Sure, assuming you know what your keys are, store them in a db file. Let's
assume you want to search by artist. Do your csv thing, but store the
records in a shelve keyed by the AlbNArtist field:

import shelve
import csv

reader = csv.reader(open("file1.csv", "rb"))
db = shelve.open("file1.db")

for row in reader:
stuff = db.get(row[1], [])
stuff.append(row)
db[row[1]] = stuff
db.close()

I'm not sure I've interpreted your sample csv quite right, but I think
you'll get the idea. You can of course have multiple db files, each keyed
by a different field (or part of a field).

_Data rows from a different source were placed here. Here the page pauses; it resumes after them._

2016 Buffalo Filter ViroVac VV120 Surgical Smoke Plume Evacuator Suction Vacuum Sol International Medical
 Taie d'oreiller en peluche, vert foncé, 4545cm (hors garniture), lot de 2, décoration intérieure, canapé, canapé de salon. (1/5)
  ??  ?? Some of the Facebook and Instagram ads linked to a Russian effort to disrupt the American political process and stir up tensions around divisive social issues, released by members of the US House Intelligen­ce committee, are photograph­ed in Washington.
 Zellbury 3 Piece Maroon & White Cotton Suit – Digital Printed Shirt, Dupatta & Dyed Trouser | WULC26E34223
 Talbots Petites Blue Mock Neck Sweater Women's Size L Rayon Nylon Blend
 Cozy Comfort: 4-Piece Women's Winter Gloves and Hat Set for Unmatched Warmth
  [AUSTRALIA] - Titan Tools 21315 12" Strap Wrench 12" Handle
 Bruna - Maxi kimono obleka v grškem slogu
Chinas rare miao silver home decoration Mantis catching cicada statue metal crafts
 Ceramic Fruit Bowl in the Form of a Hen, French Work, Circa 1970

Obviously, using a db file will be slower than an in-memory dictionary, but
if memory is a bottleneck, this will likely help. You can also avoid
initializing the db file on subsequent program runs if the csv file is older
than the db file, probably resulting in faster startup.

Skip
Jul 18 '05 #2

"Anon" <an**@ymous.com> wrote in message
news:pa****************************@ymous.com...
Any data structures suggestions for this application? BTW, the later
accesses to this database would not benefit in any way from being
presorted,


You keep saying it yourself: Use a Database ;-).

Databases "knows" about stuff in memory, as well as any searching and
sorting you might dream up later.

Python supports several, the simplest is probably PySQLite:
http://sourceforge.net/projects/pysqlite/
Jul 18 '05 #3
"Frithiof Andreas Jensen" <frithiof.jensen@die_spammer_die.ericsson.com> wrote in message news:<ci**********@newstree.wise.edt.ericsson.se>. ..
"Anon" <an**@ymous.com> wrote in message
news:pa****************************@ymous.com...
Any data structures suggestions for this application? BTW, the later
accesses to this database would not benefit in any way from being
presorted,


You keep saying it yourself: Use a Database ;-).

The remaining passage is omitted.